La ocasión para Herodías llegó cuando Herodes juró a la hija de Herodías lo que nunca tenía que haber jurado, y ésta ofreció a su madre lo que nunca tenía que haber ofrecido; ésta, a su vez, aconsejó a su hija lo que nunca tenía que haber pedido, y el rey mandó ejecutar el deseo de la joven que, aunque lo hubiera jurado, nunca tenía que haber cumplido. Así acabó Juan, por obra y gracia del “zorro” Herodes –en boca de Jesús-, que se creyó dueño de vidas y haciendas, dejándose influenciar por la voluble y arbitraria Herodías.

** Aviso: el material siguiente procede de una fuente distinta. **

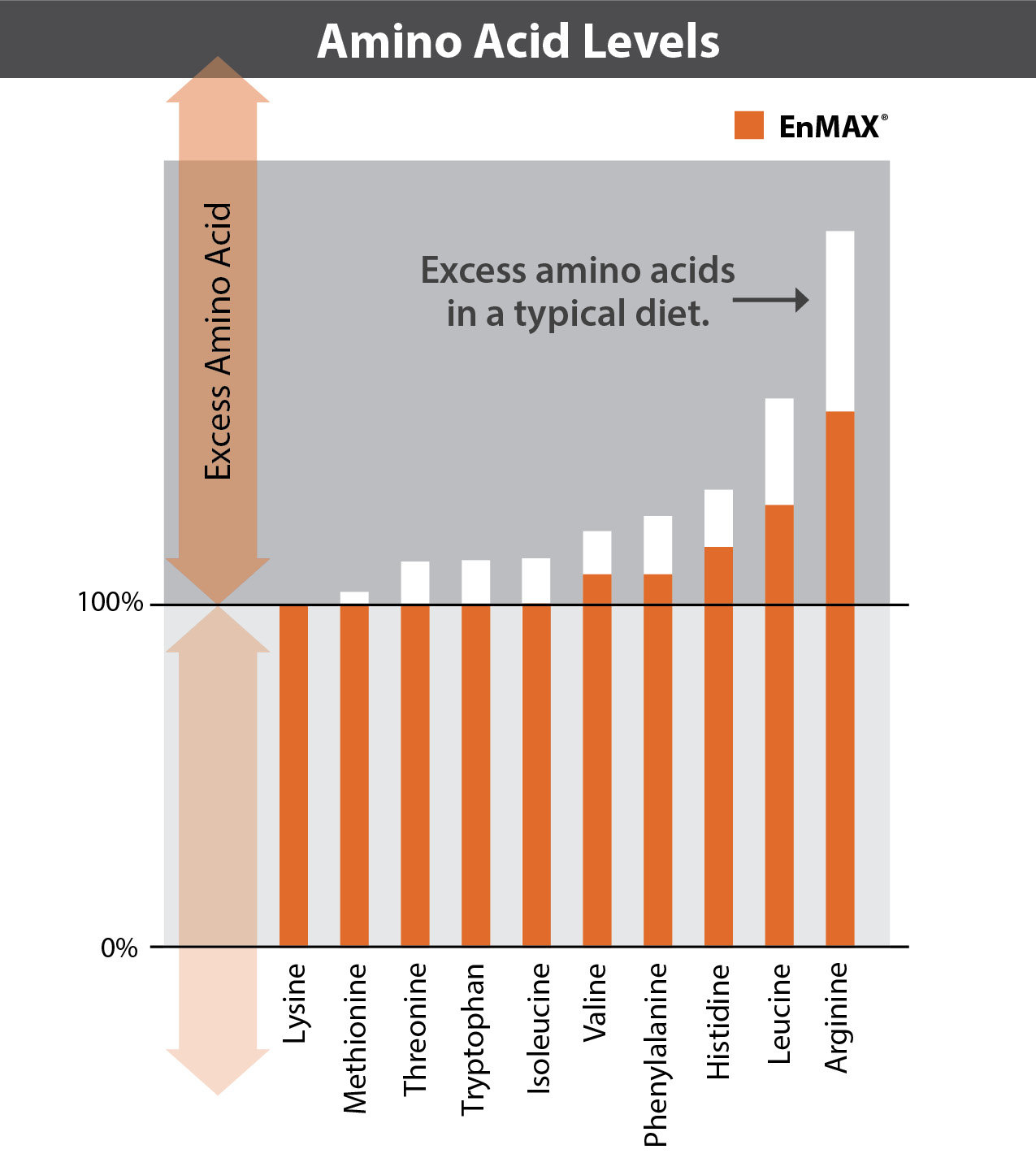 Crystalline amino acids in swine diets EnMAX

Honradez, coherencia, transparencia
De Juan aprendemos, en particular, reciedumbre de carácter, todo lo contrario de Herodes, y coherencia de vida. Vivía como predicaba, y comía y vestía en consonancia con lo que decía. Nadie pudo encontrar en él doblez alguna. Era un hombre de una pieza. Hasta dar con Jesús tiene discípulos; una vez que lo señala no tiene empacho alguno en decir a sus discípulos que sigan a Jesús, porque su papel ya está cumplido.
Fue un hombre austero, íntegro y honrado. Su misión fue dar testimonio de la Verdad y, por ella y por él, predicar las verdades con minúscula a soldados, devotos, pecadores, reyes, a todos para que todos pudieran llegar y alcanzar la Verdad hecha carne. Y por amor a la verdad y denunciar la mentira fue encarcelado, encadenado y, finalmente, decapitado.
El martirio de Juan nos invita a intentar vivir, y si fuera necesario morir, dando testimonio inequívoco de Cristo, con palabras –que si son verdaderas siempre denuncian- y con la vida, que hará creíbles nuestras palabras. Y que lo hagamos con formas, confesando como Juan: “Él tiene que crecer y yo menguar” (Jn 3,30).